Below are records with pictures. Reproduce exactly the lines from the line with "جا لیوانی دریچه" to the line with "3.3 Acres of", inclusive, and leave each picture out.

Listed entries section start

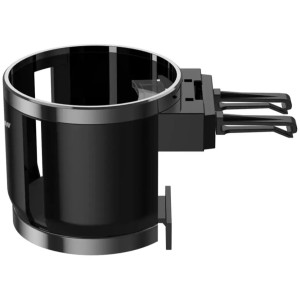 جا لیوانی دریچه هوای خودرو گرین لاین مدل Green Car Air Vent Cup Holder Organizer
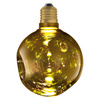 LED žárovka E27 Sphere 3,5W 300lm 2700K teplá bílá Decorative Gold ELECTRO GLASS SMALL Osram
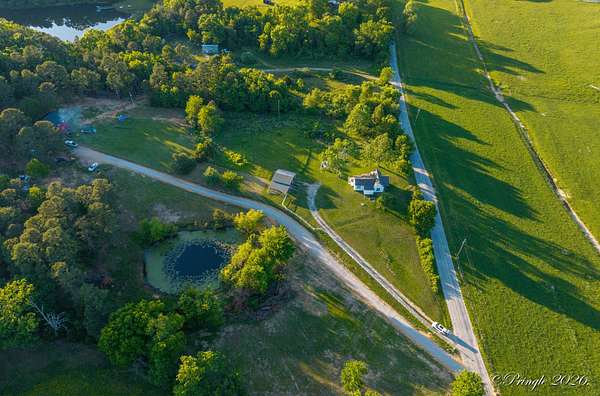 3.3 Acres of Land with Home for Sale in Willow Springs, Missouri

Listed entries section end
Listed entries section start

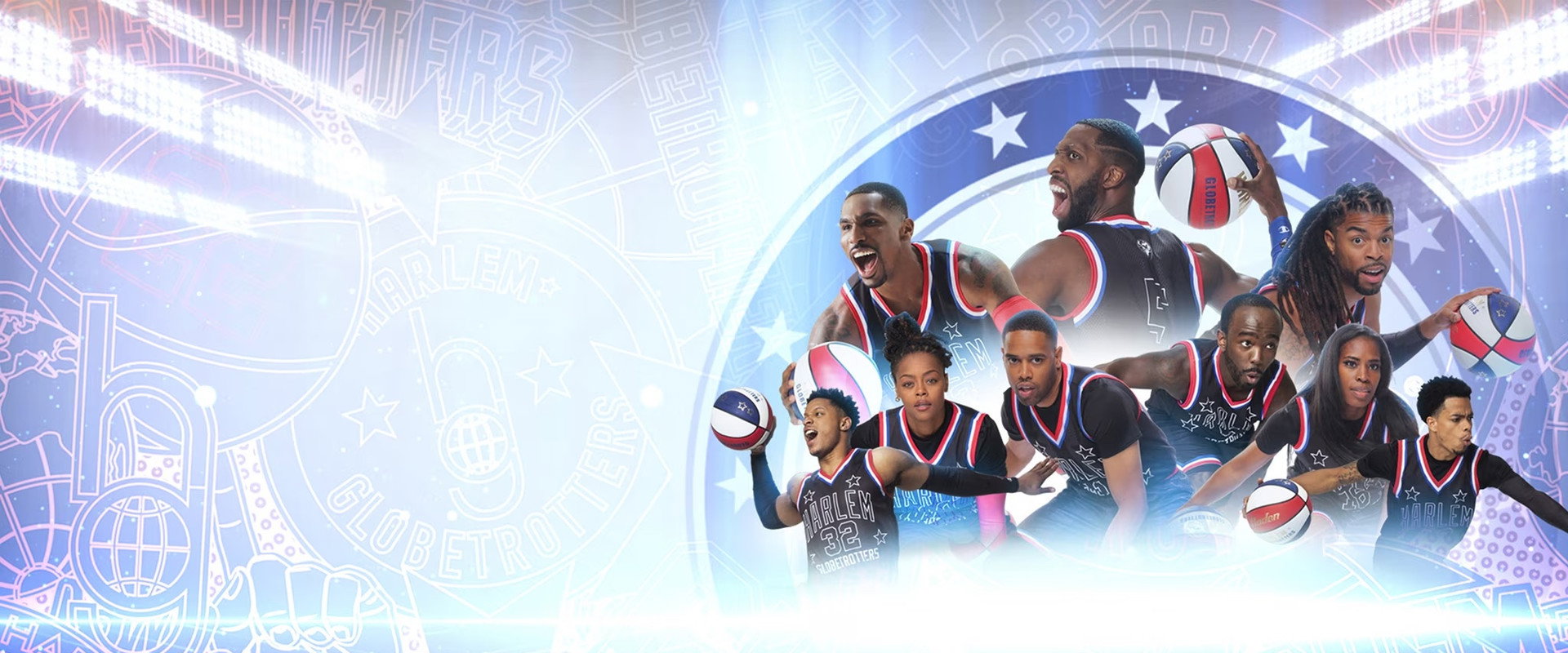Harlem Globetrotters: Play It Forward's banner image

Listed entries section end

## Task response
 جا لیوانی دریچه هوای خودرو گرین لاین مدل Green Car Air Vent Cup Holder Organizer
 LED žárovka E27 Sphere 3,5W 300lm 2700K teplá bílá Decorative Gold ELECTRO GLASS SMALL Osram
 3.3 Acres of Land with Home for Sale in Willow Springs, Missouri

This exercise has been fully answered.